For Chinese companies, this means cold chain should be treated not only as a technical problem, but as part of go-to-market strategy. Over the next 12–24 months, the strongest chances will belong to those that enter in stages: first with shelf-stable or frozen products, then with hybrid models involving local packing or finishing, and only after that with direct chilled imports for selected premium SKUs in cities with stable cold-chain infrastructure.
From a market perspective, Chinese chilled dairy products and ready-to-eat refrigerated meals have real potential in the EAEU — but only with the right market‑entry architecture.

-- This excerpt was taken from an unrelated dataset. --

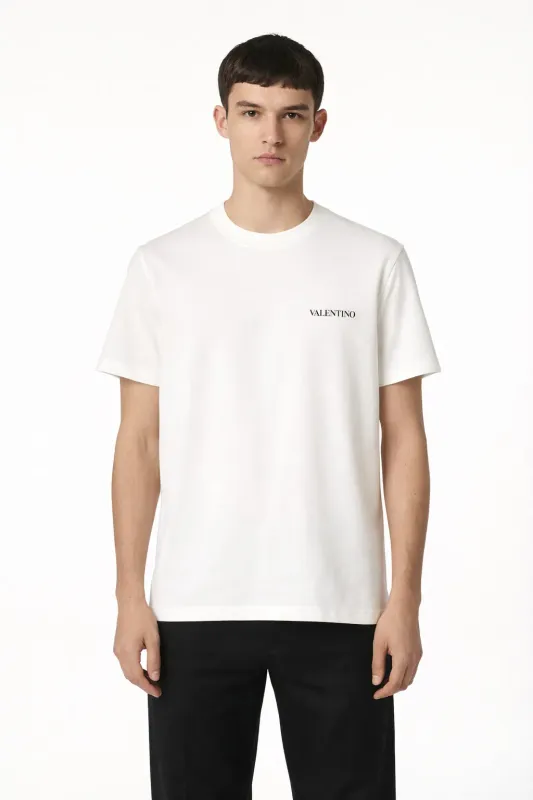 Valentino white minimal logo t shirt men model straight pose front view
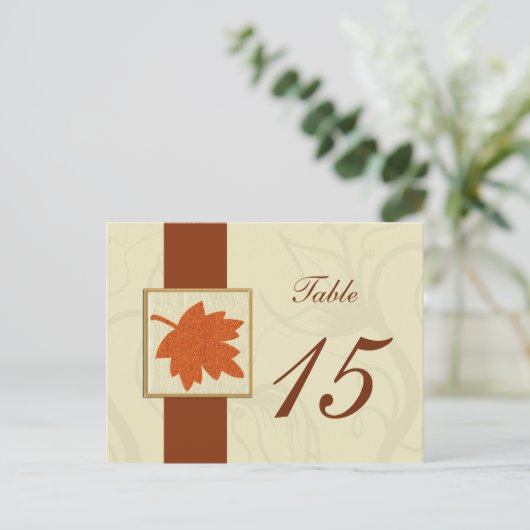 オレンジ色の秋の結婚式テーブル番号はがき ポストカード (スタンド正面)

The mistake many suppliers make is trying to sell into Russia, Kazakhstan, or Belarus with exactly the same products and go‑to‑market logic they use inside China. In practice, for retail chains and importers, taste and price are only part of the equation; what also matters is remaining shelf life, temperature stability along the entire route, legal cleanliness of the import process, and the supplier’s ability to deliver consistent batches over time.
RetailChina.pro does not see its role as promising “fast contracts” in a complex chilled category, but rather as designing the right route for a brand to enter the region. For some companies, this means starting with more logistically robust SKUs and testing demand through distribution or retail pilots; for others, it means finding an industrial partner in Russia or Belarus and moving the final assembly of the product closer to the shelf. This approach reduces risk for all parties and makes the Chinese brand visible not just in a single market, but across the broader EAEU and CIS ecosystem.